Plus les jours passent, plus l’univers de la jeune femme est exposé. Victime de mobbing durant son enfance, ultrachoyée par ses parents, jalousée pour sa beauté et ses lèvres trop pulpeuses, elle n’a jamais fait la cuisine ou passé l’aspirateur. La plus jolie fille du pays confesse n’avoir quasi pas d’amis et n’a pas encore connu l’Amour. Sa maman, Teresa, est son âme sœur. C’est elle qui a inventé le prénom de sa fille qui commence par un J. Comme celui de Jennifer, la sœur de Jastina, et de ses nièces. Inséparables, mère et fille se sont fait tatouer le même petit ruban rose au creux du poignet, un nœud… presque coulant.
Et puis soudain, c’est le bouquet, ni de roses ni de laurier: Jastina Doreen est démasquée. Elle est passée entre les mains d’un chirurgien esthétique, pour augmenter la taille de ses seins. Elle avait jusque-là démenti. La voilà qui avoue, sur son compte Instagram. Elle avance une explication médicale avant de se raviser pour évoquer des raisons personnelles. Le règlement du concours Miss Suisse n’interdit pas la chirurgie esthétique pour autant qu’elle soit effectuée avant le couronnement, mais les organisateurs jurent ne pas avoir été au courant de l’opération de la jeune femme.
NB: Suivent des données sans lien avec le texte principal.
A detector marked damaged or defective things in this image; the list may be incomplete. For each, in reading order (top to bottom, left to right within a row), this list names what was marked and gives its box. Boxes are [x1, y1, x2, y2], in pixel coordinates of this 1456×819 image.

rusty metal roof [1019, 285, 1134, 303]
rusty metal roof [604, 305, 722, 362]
Tollé général. On accepte pourtant gaiement qu’une Miss se blanchisse les dents, rallonge ses cheveux ou apprenne à marcher en cadence et en maillot de bain, mais celle-là a eu l’outrecuidance de retoucher à la beauté que la nature lui a donnée. Le scandale, bizarrement, est immense. A croire que les Helvètes ne savent pas que, en matière de chirurgie esthétique, la Suisse talonne le Brésil, 54 000 opérations en 2015. Et le vent n’est pas près de tourner. En 2003 déjà, élue Miss Photogénie, Maria Dolores Dieguez, devenue depuis l’épouse de l’acteur britannique Joseph Fiennes, avait confessé s’être fait retoucher la poitrine. Jastina Doreen n’est pas la première et ce ne sera sans doute pas la dernière.
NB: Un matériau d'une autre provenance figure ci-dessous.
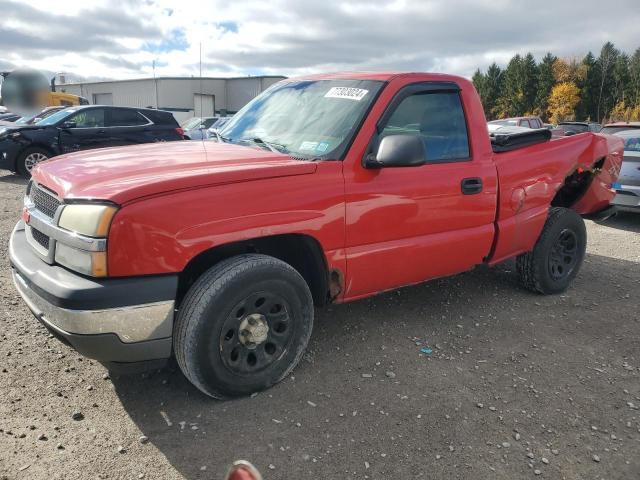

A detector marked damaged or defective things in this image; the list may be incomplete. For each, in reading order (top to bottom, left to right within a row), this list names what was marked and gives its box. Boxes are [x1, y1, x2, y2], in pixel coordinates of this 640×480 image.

damaged truck bed side [8, 71, 620, 398]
D’héroïne Disney, la jeune femme est devenue une créature de manga japonais, mi-lolita, mi-princesse trash. Elle n’a pourtant jamais caché ses ambitions: devenir Miss Suisse et défiler un jour, en sous-vêtements et quelques grammes de plumes, pour la marque de lingerie Victoria’s Secret. Incapable de disserter sur la politique suisse, avouant son ignorance en matière d’actualité, cette très jeune femme a surtout commis la faute de goût ultime. Désarmante de candeur, elle n’a aucun complexe à avouer son amour de l’apparence. Sa mère, avant elle, cultivait le désir de voir ses enfants briller par leur beauté. L’aîné des enfants Riederer, Tommy, 34 ans, a concouru en 2009 pour le titre de Mister Zurich. Non, Jastina Doreen, elle, ne se rêve pas médecin, avocate ou archéologue comme d’autres Miss avant elle. Cette élection était un but et non une parenthèse dans des études universitaires. Non, Jastina Doreen n’a pas honte que sa beauté ne soit pas 100% naturelle. Elle dit même «que la chirurgie esthétique n’est pas un péché. Il faudrait que la société n’en fasse pas un tel tabou.» En 2018, le tabou, c’est peut-être de constater que certaines jeunes femmes rêvent encore, avant tout et surtout, d’être jolies.